Exercise material:
##########

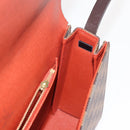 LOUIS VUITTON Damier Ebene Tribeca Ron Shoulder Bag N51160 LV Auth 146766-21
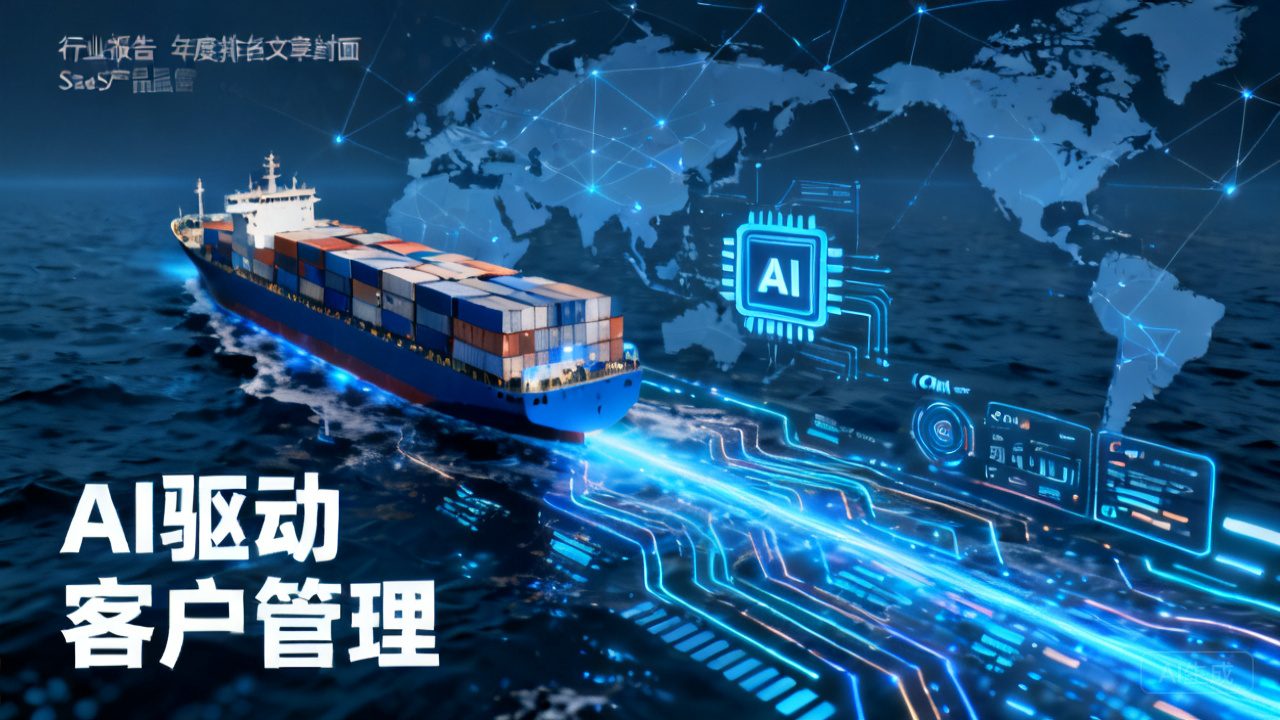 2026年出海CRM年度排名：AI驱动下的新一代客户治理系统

##########

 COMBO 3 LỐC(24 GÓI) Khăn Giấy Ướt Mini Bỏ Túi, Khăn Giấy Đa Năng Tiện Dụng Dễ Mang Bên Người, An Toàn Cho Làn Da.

##########

Directions: Once the line with "LOUIS VUITTON Damier" is found above, print it and every line after it through the line with "2026年出海CRM年度排名：AI驱动下的新一代客户治理系统", exactly. Pictures stay out.

Response to the exercise:
 LOUIS VUITTON Damier Ebene Tribeca Ron Shoulder Bag N51160 LV Auth 146766-21
 2026年出海CRM年度排名：AI驱动下的新一代客户治理系统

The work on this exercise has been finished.